# Data Engineering Project: Formula 1 Stats Exploration
## Objective
This project demonstrates data engineering skills by collecting, storing, processing, and analyzing Formula 1 statistics using data sourced from a REST API.
## Data Sources
Rapid API: JSON data fetched using Postman.
## Architecture Overview
### Tools and Services Used
* Postman: For fetching data from Rapid API.
* Amazon S3: For storing raw and processed data.
* AWS Glue: For ETL tasks.
* Amazon Athena: For data analysis.
* AWS RDS: For database management.
* MySQL Workbench: For managing and querying the database.
* Apache Spark: For data processing and transformation.
## Steps
### Data Collection
* Fetch JSON data from Rapid API using Postman.
* Upload JSON data to S3 buckets.
### Data Processing
* Process and transform JSON data using Apache Spark.
* Convert JSON files to Parquet format and store them in S3.
### Data Cataloging
* Use AWS Glue to create tables from Parquet files.
* Query and verify tables using Amazon Athena.
### Database Integration
* Create an RDS instance and set up MySQL Workbench.

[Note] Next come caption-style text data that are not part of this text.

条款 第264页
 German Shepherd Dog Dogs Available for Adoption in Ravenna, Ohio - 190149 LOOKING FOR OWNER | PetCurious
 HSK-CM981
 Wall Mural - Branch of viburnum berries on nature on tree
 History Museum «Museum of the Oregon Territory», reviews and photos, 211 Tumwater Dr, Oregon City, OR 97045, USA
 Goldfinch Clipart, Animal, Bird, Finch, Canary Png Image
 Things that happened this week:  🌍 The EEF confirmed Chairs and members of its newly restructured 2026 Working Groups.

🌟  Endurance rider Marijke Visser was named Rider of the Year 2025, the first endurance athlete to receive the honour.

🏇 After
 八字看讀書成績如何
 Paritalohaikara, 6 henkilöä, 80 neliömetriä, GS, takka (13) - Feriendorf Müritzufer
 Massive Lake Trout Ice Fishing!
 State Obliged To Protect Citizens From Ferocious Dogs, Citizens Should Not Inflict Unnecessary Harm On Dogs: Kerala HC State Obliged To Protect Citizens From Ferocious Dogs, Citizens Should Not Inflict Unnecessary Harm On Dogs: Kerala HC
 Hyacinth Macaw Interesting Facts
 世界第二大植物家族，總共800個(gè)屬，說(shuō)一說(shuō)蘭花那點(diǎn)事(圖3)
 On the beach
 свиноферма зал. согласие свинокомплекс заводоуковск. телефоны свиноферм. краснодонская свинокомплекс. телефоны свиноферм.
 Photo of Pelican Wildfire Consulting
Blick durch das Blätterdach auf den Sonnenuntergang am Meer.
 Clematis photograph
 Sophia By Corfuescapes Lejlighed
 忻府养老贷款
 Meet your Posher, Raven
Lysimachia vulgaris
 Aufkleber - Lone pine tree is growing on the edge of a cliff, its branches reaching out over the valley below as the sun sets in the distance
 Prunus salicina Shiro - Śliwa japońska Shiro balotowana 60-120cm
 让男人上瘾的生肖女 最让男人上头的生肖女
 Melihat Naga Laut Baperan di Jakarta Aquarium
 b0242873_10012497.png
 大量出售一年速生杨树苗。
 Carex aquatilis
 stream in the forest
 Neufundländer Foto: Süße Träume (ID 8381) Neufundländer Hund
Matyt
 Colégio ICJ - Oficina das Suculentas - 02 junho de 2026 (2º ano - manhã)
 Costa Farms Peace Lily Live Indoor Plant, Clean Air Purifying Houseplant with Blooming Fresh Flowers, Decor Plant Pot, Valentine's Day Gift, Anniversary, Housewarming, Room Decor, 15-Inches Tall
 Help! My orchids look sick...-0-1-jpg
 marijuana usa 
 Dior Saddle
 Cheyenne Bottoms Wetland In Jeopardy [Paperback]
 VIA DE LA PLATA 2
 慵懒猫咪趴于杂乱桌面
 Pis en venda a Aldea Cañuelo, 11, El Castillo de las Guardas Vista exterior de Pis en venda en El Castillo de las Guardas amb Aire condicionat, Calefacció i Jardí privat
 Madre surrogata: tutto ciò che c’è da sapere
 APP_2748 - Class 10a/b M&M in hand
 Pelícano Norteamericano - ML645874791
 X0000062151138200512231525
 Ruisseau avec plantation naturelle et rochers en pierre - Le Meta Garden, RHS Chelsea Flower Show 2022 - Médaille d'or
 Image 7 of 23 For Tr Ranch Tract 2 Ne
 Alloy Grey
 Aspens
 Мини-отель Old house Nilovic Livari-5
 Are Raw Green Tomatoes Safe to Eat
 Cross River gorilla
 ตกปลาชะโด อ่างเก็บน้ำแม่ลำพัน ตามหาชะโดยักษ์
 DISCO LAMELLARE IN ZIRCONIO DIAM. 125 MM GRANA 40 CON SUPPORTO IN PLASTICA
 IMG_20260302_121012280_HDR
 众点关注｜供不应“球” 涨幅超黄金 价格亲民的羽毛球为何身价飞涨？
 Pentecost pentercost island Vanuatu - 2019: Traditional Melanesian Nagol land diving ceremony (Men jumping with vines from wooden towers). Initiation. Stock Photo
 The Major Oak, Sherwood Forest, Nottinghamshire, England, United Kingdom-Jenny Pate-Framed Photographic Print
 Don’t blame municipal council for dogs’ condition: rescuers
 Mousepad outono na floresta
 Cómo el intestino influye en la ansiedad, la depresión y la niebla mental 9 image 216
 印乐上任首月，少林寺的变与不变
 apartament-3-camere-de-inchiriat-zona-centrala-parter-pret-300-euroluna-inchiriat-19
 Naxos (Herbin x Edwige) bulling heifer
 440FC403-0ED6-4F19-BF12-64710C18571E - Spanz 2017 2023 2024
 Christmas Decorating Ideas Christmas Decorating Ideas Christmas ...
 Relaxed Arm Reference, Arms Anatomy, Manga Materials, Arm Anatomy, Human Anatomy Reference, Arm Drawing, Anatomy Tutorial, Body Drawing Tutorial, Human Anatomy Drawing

* Migrate data from AWS Glue tables to RDS using ETL jobs in AWS Glue Studio.
### Data Analysis
* Use MySQL Workbench to query the data.
* Optionally connect to other visualization tools (e.g., Tableau, Power BI) for advanced analytics.
## How to Run the Project
* Set up AWS credentials.
* Configure and run the data collection scripts in Postman.
* Upload JSON data to S3.
* Process and transform data using Apache Spark.
* Use AWS Glue to catalog the data and create tables.
* Set up an RDS instance and configure MySQL Workbench.
* Migrate data from AWS Glue to RDS.
* Analyze the data using MySQL Workbench or other visualization tools.
## Acknowledgments
Rapid API: Source of JSON data.
## Conclusion
This project showcases the ability to collect, store, process, and analyze data using various tools and methods, highlighting skills in data engineering and cloud services integration.